Digitizing Imperial Rome: A computerized Approach to the Architectural History of the Roman Imperial Forum

While not strictly Pompeii related this may be of interest to some of you who like me are technologists.

"Digitizing Imperial Rome: A computerized Approach to the Architectural History of the Roman Imperial Forum"

Professor Emeritus James Packer, Northwestern University.
King's Anatomy Theatre Lecture Hall, King’s College London, The Strand, London. UK
29th of October 2010, commencing at 6 PM.
There will be a reception afterwards at the adjacent Old Anatomy Museum.


ABSTRACT
Although each year millions of people visit the Roman Forum - the center of Rome’s former remarkable empire - they find only one or two partially preserved structures and piles of architectural fragments. Most of the ancient buildings, apart from the few converted into churches, collapsed after centuries of neglect, leaving their remains to be quarried by later generations. The details of the individual buildings are still not widely understood, and the Forum has never been studied as a unified architectural composition. Moreover, owing to new archaeological studies and advances in computer technology in the last fifteen years, it is now possible both to reconstruct the Forum’s monuments accurately and, with these new reconstructions, to comprehend the design and meaning of the whole site. These considerations led my colleague, Professor and Architect Gilbert Gorski, and me to undertake our new, digitally based study of the Forum.

Our work clarifies the design of the buildings around the Forum’s central core. It collects, for the first time in English; the most important material related each of the major monuments and shows visually their structure, size and original appearance. Over a period of nearly forty years (29 B.C. - A.D. 10), Augustus rebuilt the site, and thereafter, in material, size structure and decoration, its buildings related clearly to one another. Together they impressively represented the power and prestige both of Augustus own regime and that of the Mediterranean Empire it governed.
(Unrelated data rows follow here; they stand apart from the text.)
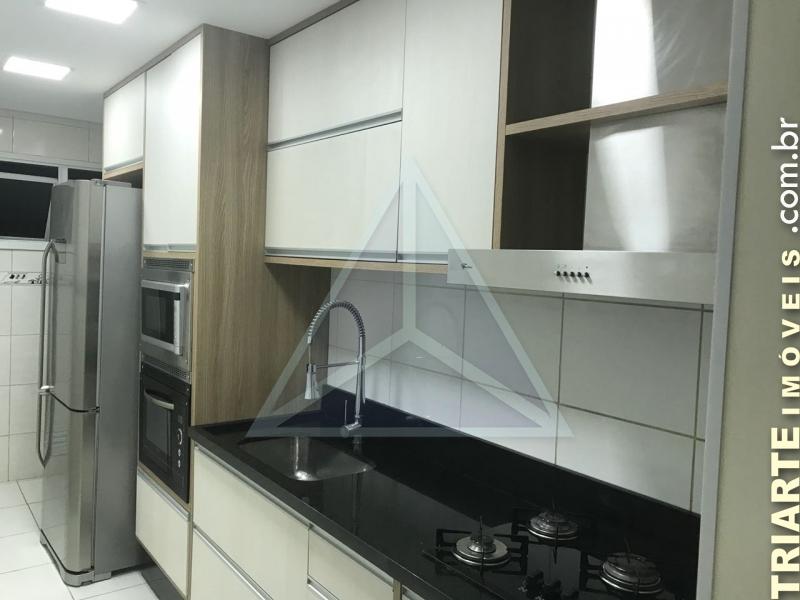 Apartamento à venda com 3 quartos, 105m² - Foto 9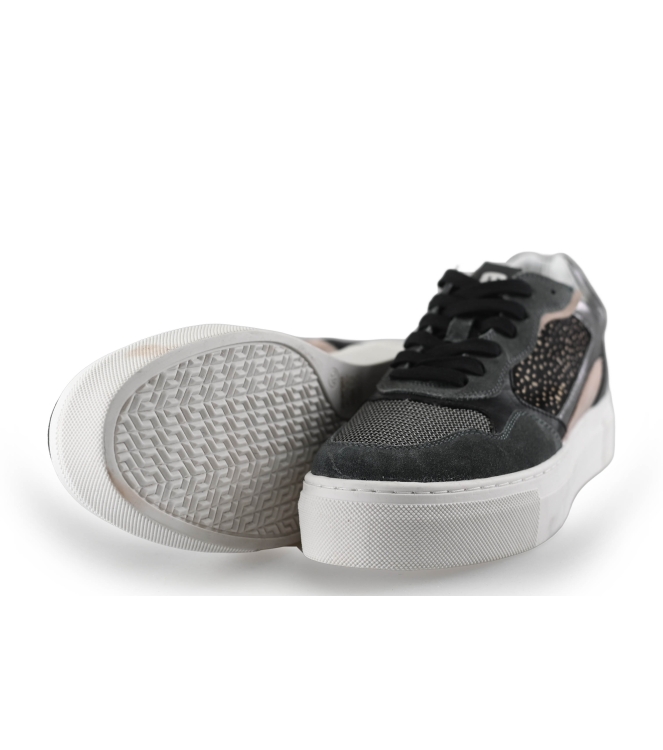Maruti Sneaker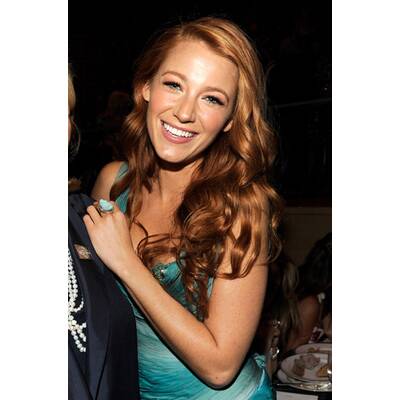 Diese Stars sehen rot!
With some missteps (the short-lived colossal equestrian state of Domitian, the unfortunately situated, enormous, gaudy Arch of Severus), later emperors carefully maintained Augustus’ design and structures, even as they rebuilt many of the monuments after disastrous fires. The late third century A.D. additions of Diocletian maintained this tradition but added a fashionable, new architectural framework that expressed that emperor’s optimistic hopes for the future of his recently reassembled Empire. Only the end of Rome as an imperial capital doomed the site to neglect, ruin, transformation and, from the 18th century on, to the investigations of modern excavators.